Chris Baker is another one who would be a good bet, Black Belt at Karate and an IM.
Maybe we could have an IM/GM all play all? Anyway for those who are interested I am running a tournament, 26th-28th June. Check out http://www.gingergm.com/big-slick-chess/ .Cheers Psycho-Cowboy (forgotten my password hence the guest status. Also a bit drunk!! improving the beer belly...)
I remember at BUPCA one year old Noycie entertaining the Southampton University team over dinner by giving the details - at some length - of a fight with two guys he once managed to get into (and go on to win) that kicked off when he asked them the time.
Bob Noyce 189 (inactive).
Apparently asking people the time is an international thing - everybody's worked out that it's the way to find out, from their accents, whether the people you're considering giving a kicking to are from abroad/some other region/where the other team are from. A mate of mine nearly got a shoeing at the European Championships in 1990 beginning with being asked whatever "have you got the time, mate?" is in Italian.
I attended a ChessBoxing event at Bethnal Green Working Mens Club recently (btw: it had been advertised on Chessbase) out of curiousity and a love of almost all things chess (I enjoy boxing also but hadn't been to a live fight before). Apart from Malcolm Pein, whose instructive, witty and innuendo-laden chess commentary went down a storm with the fairly evenly male/female ratiod crowd, the only other 'serious' chess player I encountered was Adam Raoof. There were 4 bouts and a lot of the chess and boxing were not very good though still entertaining. The final bout, featured a Swede v a German, both rated over 1900 and both their chess and boxing was good and exciting. The place was crammed with people enjoying the event immensely.

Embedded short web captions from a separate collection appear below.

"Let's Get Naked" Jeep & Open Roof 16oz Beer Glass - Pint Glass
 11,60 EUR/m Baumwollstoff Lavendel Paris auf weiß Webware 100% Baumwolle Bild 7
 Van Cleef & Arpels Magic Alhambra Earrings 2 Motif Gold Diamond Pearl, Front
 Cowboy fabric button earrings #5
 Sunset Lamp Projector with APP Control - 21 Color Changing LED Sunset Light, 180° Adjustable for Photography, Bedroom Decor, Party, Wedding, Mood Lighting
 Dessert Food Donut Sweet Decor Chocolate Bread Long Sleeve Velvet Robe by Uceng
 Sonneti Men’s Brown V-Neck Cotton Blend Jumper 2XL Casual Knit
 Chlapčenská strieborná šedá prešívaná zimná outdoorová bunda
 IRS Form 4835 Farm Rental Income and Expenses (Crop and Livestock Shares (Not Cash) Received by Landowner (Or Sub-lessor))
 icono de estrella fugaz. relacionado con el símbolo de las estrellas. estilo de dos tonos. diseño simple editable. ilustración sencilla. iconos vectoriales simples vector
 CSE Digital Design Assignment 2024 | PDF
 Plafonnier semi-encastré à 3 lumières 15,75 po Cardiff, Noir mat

Wasn't the Bethnal Green thing the one Morgan went to?
a lot of the chess and boxing were not very good though still entertaining
I think this is the crux: serious chessplayers aren't going to want to box in the middle of their games and serious boxers won't want to play chess. This is why the utter unlikelihood of chessboxing ever taking off as anything other than a freak show (and probably not even that) seems to me to be a statement of the obvious.
Re: the interest of women, Mr Read's comments in the Metro piece linked to appear to refer to people taking part, not spectators. (There are always a lot of women spectators at boxing matches.)
a rather larger number of articles by journalists rather too quick to believe what they're told and what they've seen in other journalists' articles.
Talking of why there's so much chess boxing in the press compared to 'reality':-
Nick Davies' Flat Earth News may have something to tell us. He's researched the mainstream print news media and found much of it is just rehashed (or even unrehashed) press releases or news agency material.
Incidentally James and Adam weren't the only chessplayers at the event since I know some other people went to see Matthew Read.
I assume the bout James refers to is Wandkowsky - Rikardson: oddly, though Rikardson is credited with a rating of 1975 on a chessboxing listing he doesn't seem to appear on the FIDE list nor - if I am looking at what I think I am looking at - the Swedish rating list. Wandkowsky was reckoned to have a Elo of 1850 last year but unless I am mistaken he too fails to appear on the FIDE list and nor can I find him on the site of the German chess federation (though my German is minimal and better-educated readers are invited to do better).
Happily, Sebastian Bauersfeld appears to have a FIDE rating of 1901.
Seems to me you could be a very bad chess player, and still win at Chess Boxing if you were a big punching boxer. Just don't make many chess moves and knock the other guy out before your flag falls.
Quite right, Chris. This is why my father suggested that one ought to have to make a certain number of moves in each round of chess -- perhaps eight or so in the first round and then half as many in following rounds.
To be honest I'd much rather see chessdrinking gaining in popularity (and I'm sure Morgan will concur).
I was there - Rikardson definitely played at 150+ level which is impressive given he had to box as well. For Wandowsky probably 1850 is about right although he did play the Grob...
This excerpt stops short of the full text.